## Exercise aim
Find the line containing "63 OTSV1 T-Shirt – ( Weiß – Rot )". Retype it and every line after it through the end of the entries, exactly as written, with nothing added.

## Source data
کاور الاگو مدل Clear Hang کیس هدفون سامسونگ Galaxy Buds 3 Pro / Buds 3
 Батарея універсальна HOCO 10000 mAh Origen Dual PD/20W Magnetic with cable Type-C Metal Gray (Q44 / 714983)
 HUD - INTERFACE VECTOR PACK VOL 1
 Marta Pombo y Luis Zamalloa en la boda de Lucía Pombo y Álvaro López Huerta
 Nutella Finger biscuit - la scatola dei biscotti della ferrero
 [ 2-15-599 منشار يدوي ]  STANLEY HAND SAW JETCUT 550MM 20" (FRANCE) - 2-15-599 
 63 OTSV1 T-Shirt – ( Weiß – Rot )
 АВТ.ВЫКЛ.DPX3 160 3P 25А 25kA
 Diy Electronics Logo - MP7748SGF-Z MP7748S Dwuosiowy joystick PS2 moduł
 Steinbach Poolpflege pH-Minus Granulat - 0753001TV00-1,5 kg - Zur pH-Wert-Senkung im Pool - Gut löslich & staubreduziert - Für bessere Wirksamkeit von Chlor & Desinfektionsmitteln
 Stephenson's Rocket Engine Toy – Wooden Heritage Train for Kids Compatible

## Answer box
 63 OTSV1 T-Shirt – ( Weiß – Rot )
 АВТ.ВЫКЛ.DPX3 160 3P 25А 25kA
 Diy Electronics Logo - MP7748SGF-Z MP7748S Dwuosiowy joystick PS2 moduł
 Steinbach Poolpflege pH-Minus Granulat - 0753001TV00-1,5 kg - Zur pH-Wert-Senkung im Pool - Gut löslich & staubreduziert - Für bessere Wirksamkeit von Chlor & Desinfektionsmitteln
 Stephenson's Rocket Engine Toy – Wooden Heritage Train for Kids Compatible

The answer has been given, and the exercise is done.